A Royal Bank client who demands anonymity feels “mightily incensed” with his bank lately. Over the last year, each time he went to his online account, he would see an offer for new clients to open a new account. First, it was a free iPad, then it switched to a free Apple Watch.
The client has other causes to be mad at RBC and these free offers “are only adding insult to injury,” he says. The injury, he claims, occurred when he felt he was scolded by employees for asking, due to an urgent matter, for permission to skip a long line of customers waiting to see a teller. Now he wants to move everything out of RBC, feeling his loyalty of 40 years to the bank hasn’t been appreciated enough.
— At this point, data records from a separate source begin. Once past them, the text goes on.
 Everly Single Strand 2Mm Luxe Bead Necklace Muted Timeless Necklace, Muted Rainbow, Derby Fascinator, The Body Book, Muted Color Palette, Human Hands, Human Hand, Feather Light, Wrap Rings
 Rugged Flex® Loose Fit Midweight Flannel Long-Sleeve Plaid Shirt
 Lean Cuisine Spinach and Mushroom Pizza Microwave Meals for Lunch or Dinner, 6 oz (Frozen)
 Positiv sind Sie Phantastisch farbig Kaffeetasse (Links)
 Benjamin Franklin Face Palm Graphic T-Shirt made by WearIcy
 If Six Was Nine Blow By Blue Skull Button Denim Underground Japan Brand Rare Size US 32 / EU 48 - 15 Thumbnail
He has low hopes he’ll be treated differently at another Big Six Canadian bank, however, but the promotions help: “I’m sure I won’t get better treatment at another bank, but at least I’ll get knick-knacks and gifts.”
New Bank Account Promotions Navigation
Offers like those at RBC “are not anything new, though some of the ways might be new” says Carl De Souza, senior vice-president, sector lead, North American financial institutions ratings at Morningstar DBRS. TD Bank presents bonuses of up to $350 to open up a new account, and if you subscribe to a CIBC SmartPlus Account, the bank will throw in a $400 Costco Shop Card. Scotiabank hopes to attract you with a $400 banking package and investment plan.
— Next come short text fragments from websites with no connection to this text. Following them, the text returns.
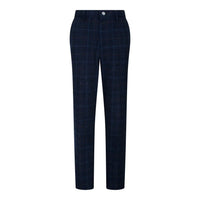 Boys Blue 3 Piece Suit Navy Check Wedding Prom Formal Vintage Tailored Fit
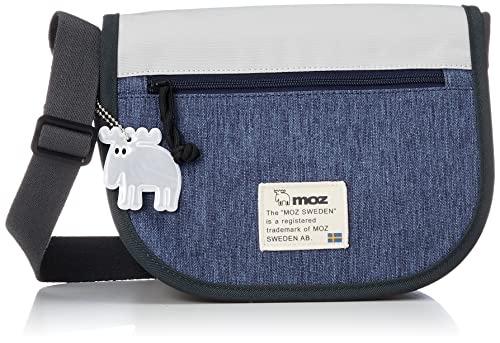 [モズ] リュック 軽量 小さめ 通勤 バッグ ミニリュック 無地 背面ファスナー レディース メンズ フラップショルダーバッグ ZZEI-24 グレー×ネイビー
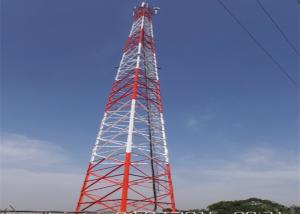 China 70m GSM Telecom Steel Tower Galvanized Steel Bar 3 Legged Angle Structure factory
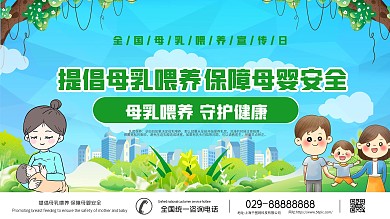 5.20母乳喂养宣传日展板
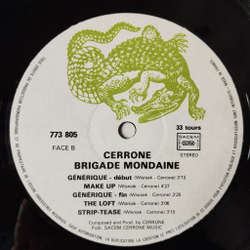Винтажная виниловая пластинка LP Cerrone Brigade Mondaine (France 1978)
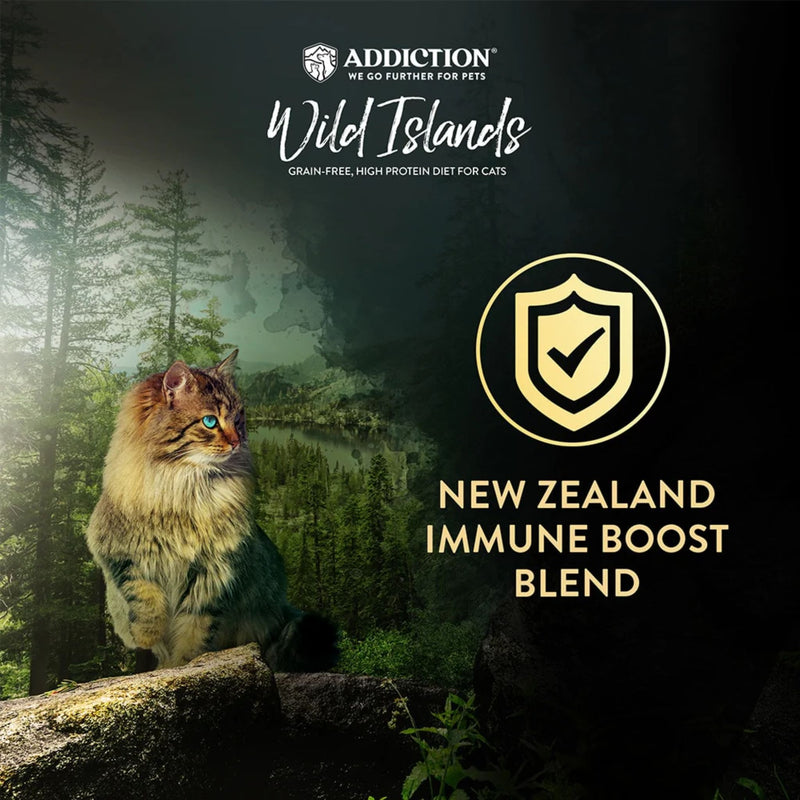 ADDICTION Wild Islands forest Meat Premium Venison Recipe Dry Cat Food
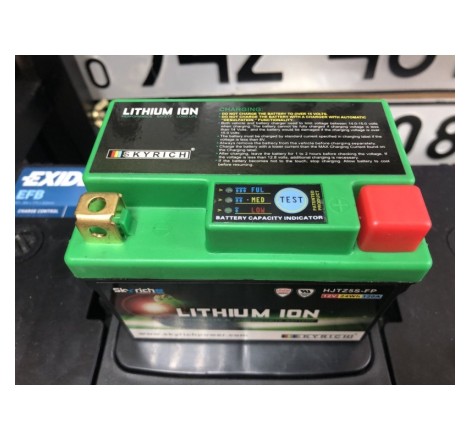 Аккумулятор LITHIUM ION Skyrich HJTZ5S-FP 12V 24Wh 2Ah 120A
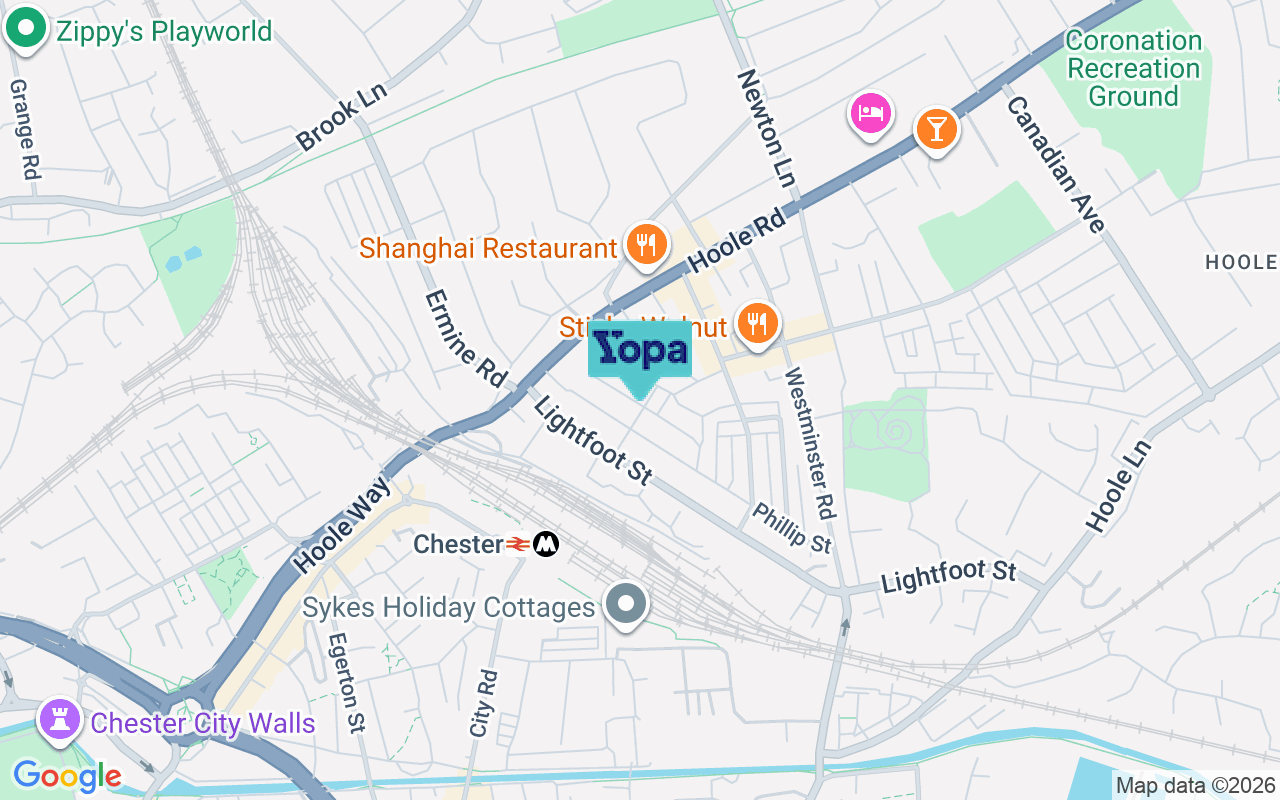 Map showing the location of CH2 3BX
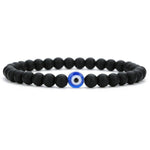 Onyx oog armband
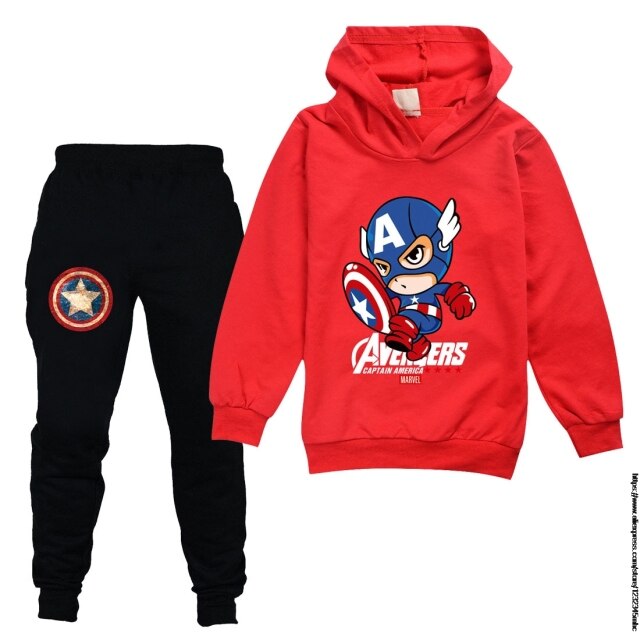 Chandal 2 piezas otoño Capitan America niños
The incentives are not the same everywhere. “It depends on what each bank wants to do,” De Souza notes. Some will concentrate on deposits, others on investment because they want to grow that arm. It’s a saturated sector. You won’t see one bank offer an incentive without the others responding.” And in that saturated sector “new entrants, like Tangerine and Simplii Financial, are aiming for the same clients,” says Sylvain Sénécal, professor of marketing at HEC Montreal, adding: “Banks see competition growing and fight for their territory.” Indeed, Simplii Financial proposes a $400 bonus when you open a new checking account and a 5.9% interest rate for five months on a savings account.
Canadian Banks Make 5% From You
There’s a simple reason why banks are after new clients, especially new depositors, asserts Richard Guay, finance professor at the ESG school of business of Université du Québec à Montréal and former CEO of the Caisse de Dépôt et Placement du Québec: “There’s a new reality in 2024 that we didn’t have in 2022: higher interest rates, he reminds us. It means that a bank that has a surplus of cash obtains a 5% return by simply depositing it at the Bank of Canada. As a new customer, what money I deposit lands at the Bank of Canada, and that makes deposits very profitable. Many small and medium companies complain that they can’t get loans with banks. Why go to all the trouble? That’s why banks are offering all the candies.”
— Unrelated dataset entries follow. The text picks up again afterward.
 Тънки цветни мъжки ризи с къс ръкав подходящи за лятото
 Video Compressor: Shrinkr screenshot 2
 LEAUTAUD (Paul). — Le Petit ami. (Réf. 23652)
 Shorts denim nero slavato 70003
Michael Miller, equity analyst at Morningstar, adds another factor that’s at play: “There’s a large pool of consumer deposits sitting in GICs right now. With rates expected to start declining, there is the question of where those funds go, which could be contributing to the high competition for deposits.”
The Odds are Stacked Against Switching
Should you take the bait and switch? Maybe, but give it some thought beforehand. “Those offers are tempting but be careful what you’re signing up for, warns Andrew Willis, Morningstar senior editor. “Often, these promotions come with requirements to move your payroll and your bills to the bank to qualify for the cash. If you’re still keen, but plan on reversing the payroll and bill changes after the promotional period, consider the time spent making these changes and what that’s worth.”
“A bank is not a cell phone banking provider,” Sénécal states. “Changing can be quite a job.” Indeed, a cell phone company practically takes charge of the switch for you, something a new bank won’t do. Consider that closing some accounts can entail costs. If you bank online and have accumulated many pre-authorized payments, switching can be a hassle.
Of course, you don’t need to transfer all your business to another bank. For example, Sénécal points out, that going to a new for a big-ticket item like a new mortgage loan can carry advantages, “especially if lower mortgage payments can bring hundreds of dollars of savings,” he points out.
Who You Gonna Call?
On the other hand, you can simply collect banking providers, by having a checking account with one bank, a corporate account with another, and an RRSP with another. That is something the “open banking” concept could facilitate, but it is still not implemented in Canada. In the meantime, having multiple banking providers “can complicate your life”, Sénécal warns, and give you a fragmented view of your financial and budgeting situation. Compare costs and advantages, he advises, and if you don’t want any surprises, check out the Bank’s client service. For example, call up a bank’s phone help service and see how long you wait on the line.
To the disgruntled RBC client who thinks that banks value only new customers, Senecal forwards the following advice: “Before he switches banks, he should call up the client retention service and state his case that he’s been with his bank 40 years and that he finds no advantage to it. He should ask what they propose to do about it. A lot of things could suddenly change. Until a client has his hand on the exit handle, he’s taken for granted. But banks know that keeping a client costs a lot less than bringing in a new one, a lot less than an iPad.”